His dry British Humour - actually , humour that rises well above "dry British humour", British National Treasure Humour - punctuates much of the book, always in step with the story, never forced, always understated.
"Then Omar turns and motions that there is something up ahead. I wave my bottle as high as I can, neck downwards. He doesn't move but watches the camels pass until I reach him. He hands me what's left of the water and enquires, wordlessly, how I am. 'Tres bon, merci, Omar', I lie. "
Always trying to look at the bright side of life.
Also moving are his genuine desire to find out the truth, the essence of the place he's visiting. Along his side I was dissapointed when in Algeria, he is fed hamburgers and chips by the local guide. All information packed in this book reveals a little bit of truth about the mystery that is Sahara, to the point where classifying this book as Orientalism isn't right anymore - because Orientalism is fantasy, and Michael Palin's Sahara is realism.

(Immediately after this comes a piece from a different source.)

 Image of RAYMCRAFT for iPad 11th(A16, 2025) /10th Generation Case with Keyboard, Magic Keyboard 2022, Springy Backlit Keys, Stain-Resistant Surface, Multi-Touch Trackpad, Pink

Rating: Summary: Excellent overall Review: Palin's Sahara is better written than any of the other masterpieces he has had published. The chapters are more coherent and the whole thing feels less like a diary and more like a good thorough essay.... The pictures are phenomenal...

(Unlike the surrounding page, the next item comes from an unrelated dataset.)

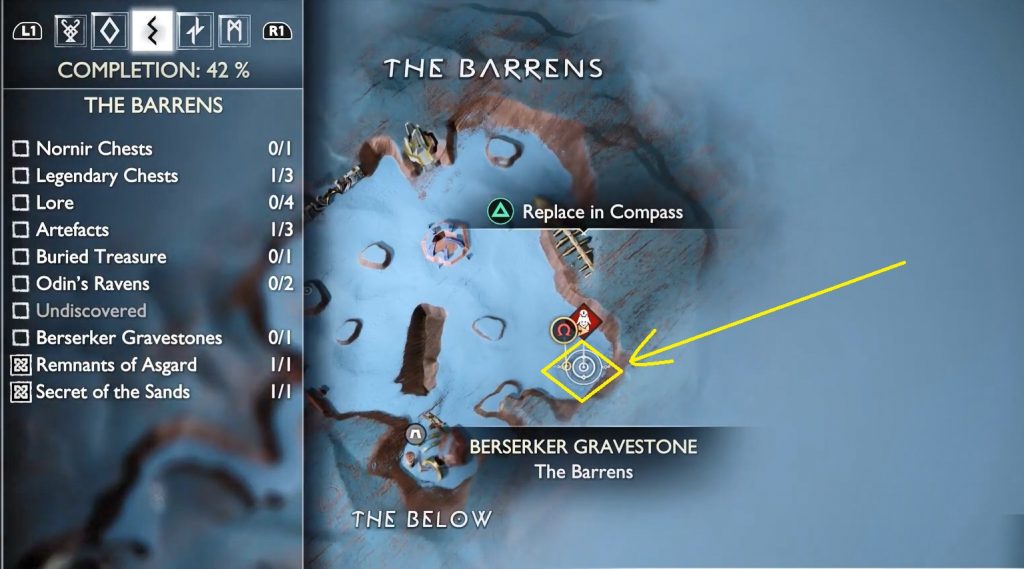 god of war ragnarok the barrens berserker gravestone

Rating: Summary: ...for the photos NOT the writing Review: When John Cleese left Monty Python prior to their final series, the lot fell on Palin and the others to write the show. The result was the worst series they every produced. That Michael Palin is not the world's greatest writer is clearly evident in this book which was a bit of a chore to read through. I found his need to befriend people he would abandon immediately a tad patronising and superficial and, after reading all the other books based on his TV series so far, was getting bored with his style.
Palin is tramping around one of the most formidible places on the planet. He is constantly meeting people who live on a knife edge of existance. And yet, he is far too comfortable by contrast. I felt he was very much on the outside looking in here, moving so quickly through this vast landscape that he could never hope to really communicate what the lives and landscape is really all about. This makes Sahara a very different read from his other much more entertaining and balanced travel writing such as Pole to Pole or Around the World in 80 Days which I would definitely recommend in preference to this.
The accolades for this book should go simply to Basil Pao whose excellent photographs make this book worth the purchase. Where Palin fails to convey the stark and stunning Sahara, Pao succeeds often dramatically. His role in the success of this book in communicating the Sahara eclipses Palin's.